TASK INSTRUCTIONS: Using the entries below, copy exactly each line from the line with "ดาวน์โหลดและฟังเพลง White Flag" up to and including the line with "My experience with local farmers’ markets", with every picture left out.

DATA FOR THIS TASK:
━━━━━━━━━━━━━━━━━━━━━━━━━━━━━━
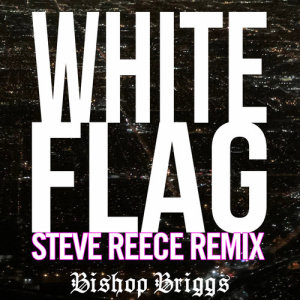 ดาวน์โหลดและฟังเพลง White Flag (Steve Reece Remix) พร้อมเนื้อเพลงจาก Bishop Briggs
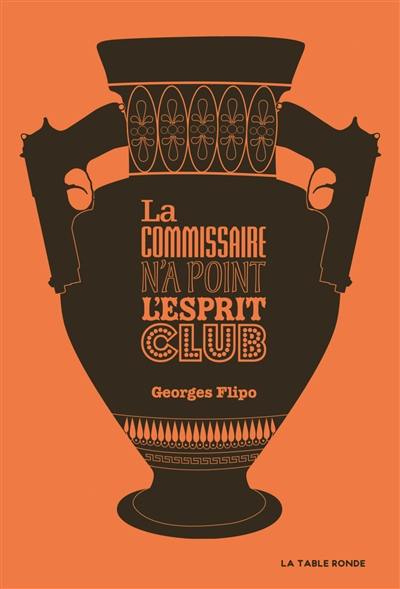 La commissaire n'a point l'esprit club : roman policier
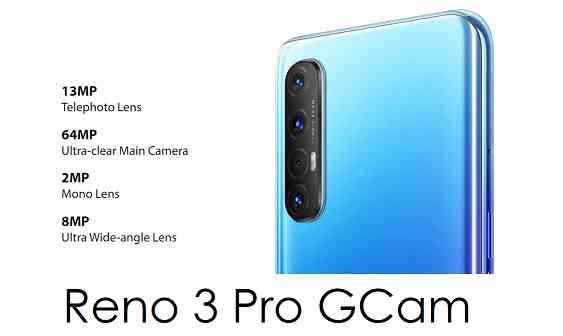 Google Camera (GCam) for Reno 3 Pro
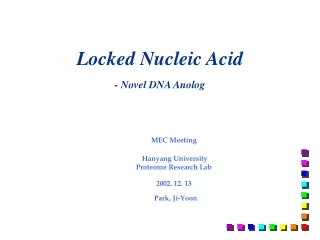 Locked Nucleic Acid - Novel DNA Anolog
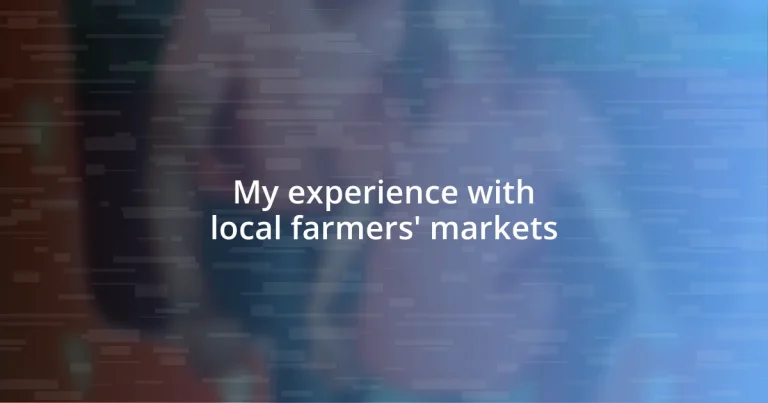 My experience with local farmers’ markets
━━━━━━━━━━━━━━━━━━━━━━━━━━━━━━
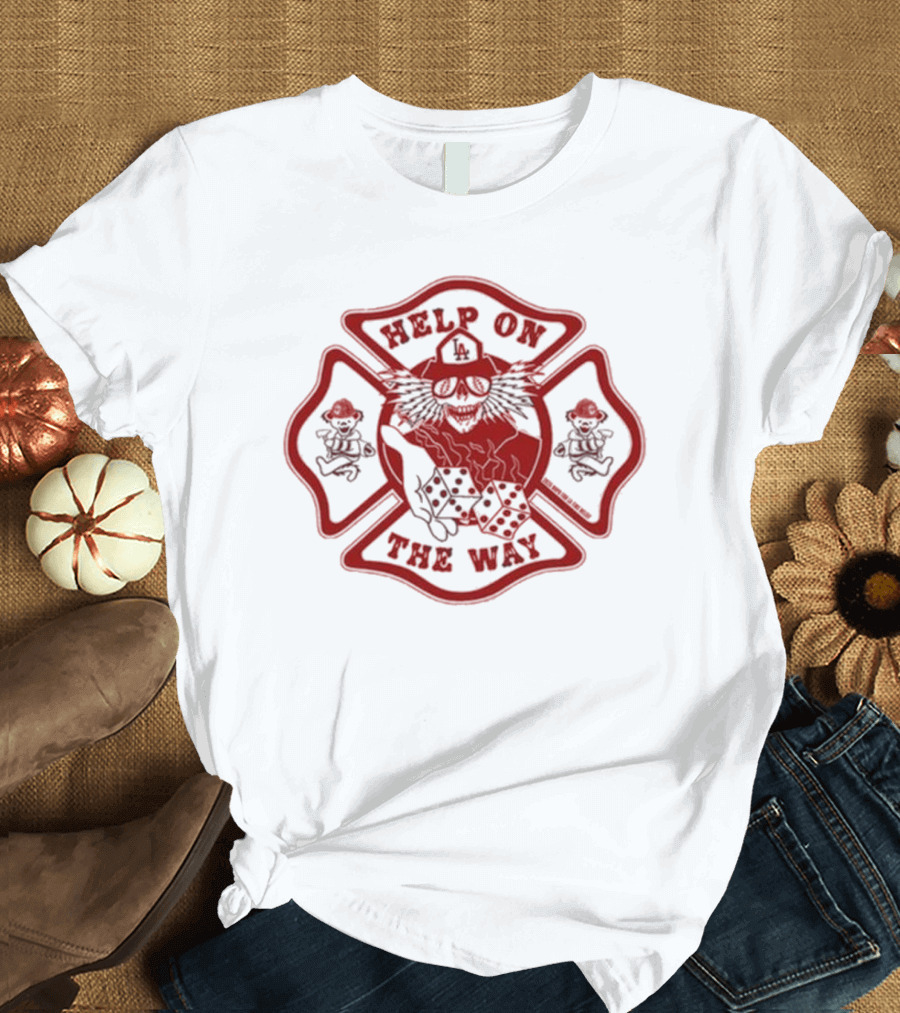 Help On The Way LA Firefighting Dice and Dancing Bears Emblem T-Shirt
━━━━━━━━━━━━━━━━━━━━━━━━━━━━━━
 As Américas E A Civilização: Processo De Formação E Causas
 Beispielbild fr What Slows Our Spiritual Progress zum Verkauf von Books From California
━━━━━━━━━━━━━━━━━━━━━━━━━━━━━━
SOLUTION FOR THIS PROBLEM:
 ดาวน์โหลดและฟังเพลง White Flag (Steve Reece Remix) พร้อมเนื้อเพลงจาก Bishop Briggs
 La commissaire n'a point l'esprit club : roman policier
 Google Camera (GCam) for Reno 3 Pro
 Locked Nucleic Acid - Novel DNA Anolog
 My experience with local farmers’ markets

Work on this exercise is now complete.